Toward the end of working on Defiant, my sister sat on the couch beside me till 3 AM, all but holding my hand. When I reached a point where I wanted to scream, she helped me stay focused.

“I fucking hate myself!” I would shout. “I can’t write at all. Why in the hell did I ever think that I could write books? I should toss my computer in the trash and get a job at Burger King!”

And she would say in a deadpan voice, “Another glimpse at the productive inner monologue of Pamela Clare.”

Have I ever mentioned how much I love her?

Yesterday, she sent me this parable:

“A fight is going on inside me,” said an old man to his son. “It is a terrible fight between two wolves. One wolf is evil. He is anger, envy, sorrow, regret, greed, arrogance, self-pity, guilt, resentment, inferiority, lies, false pride, superiority, and ego. The other wolf is good. He is joy, peace, love, hope, serenity, humility, kindness, benevolence, empathy, generosity, truth, compassion, and faith. The same fight is going on inside you.”

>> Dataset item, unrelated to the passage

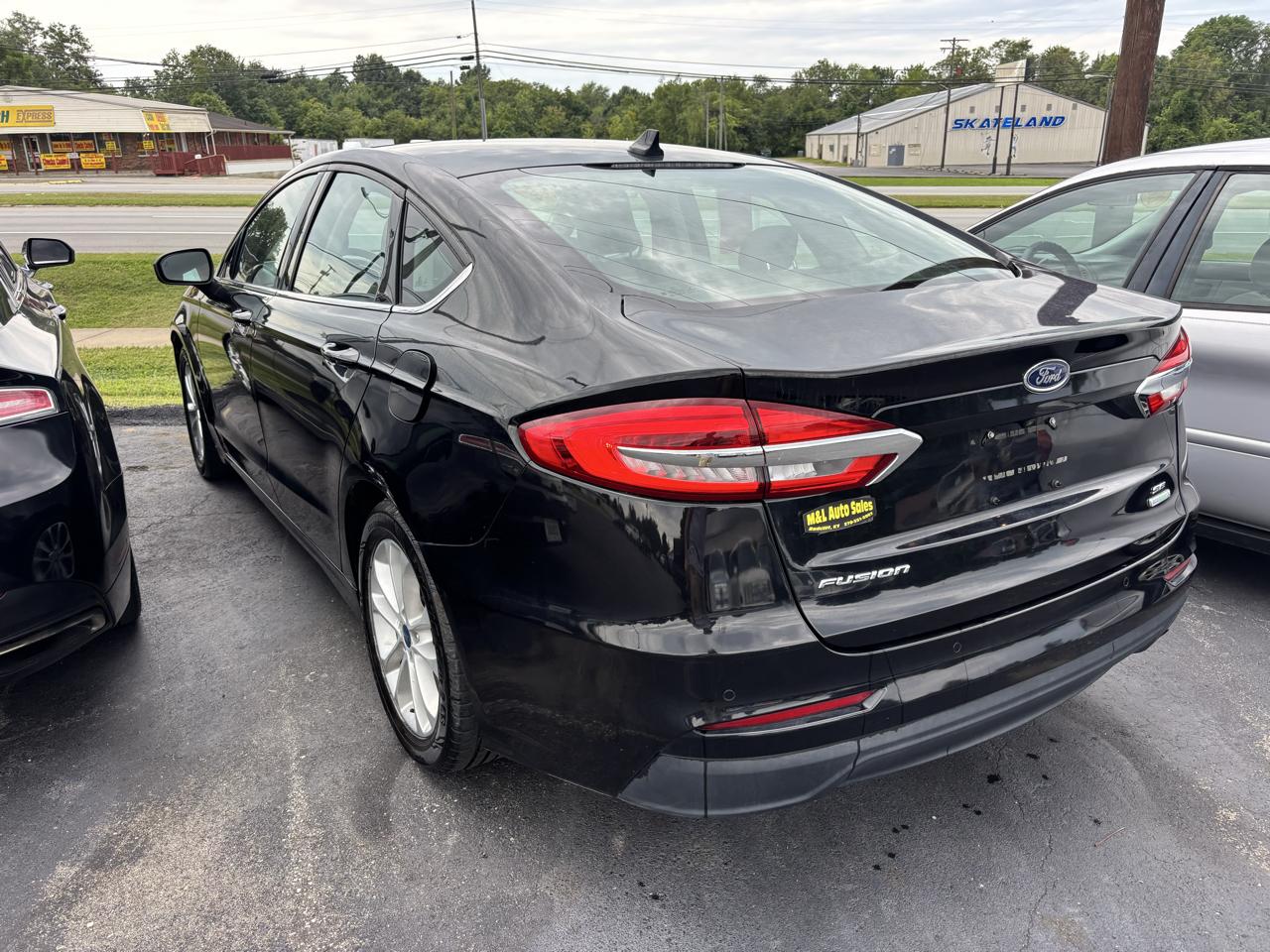 Ford Fusion SE FWD 2019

The son thought about it for a minute and then asked, “Which wolf will win?”

The old man replied simply, “The one you feed.” 




I’m going through a huge life change right now. More than that, I’m having to face once and for all the wounded part of myself and heal it so that the fear and pain don’t control my emotional life. I have to take control of that inner voice and turn it toward a higher purpose.

I need to quit believing the lies Grima Pam-Tongue tells me. I need to feed the right wolf.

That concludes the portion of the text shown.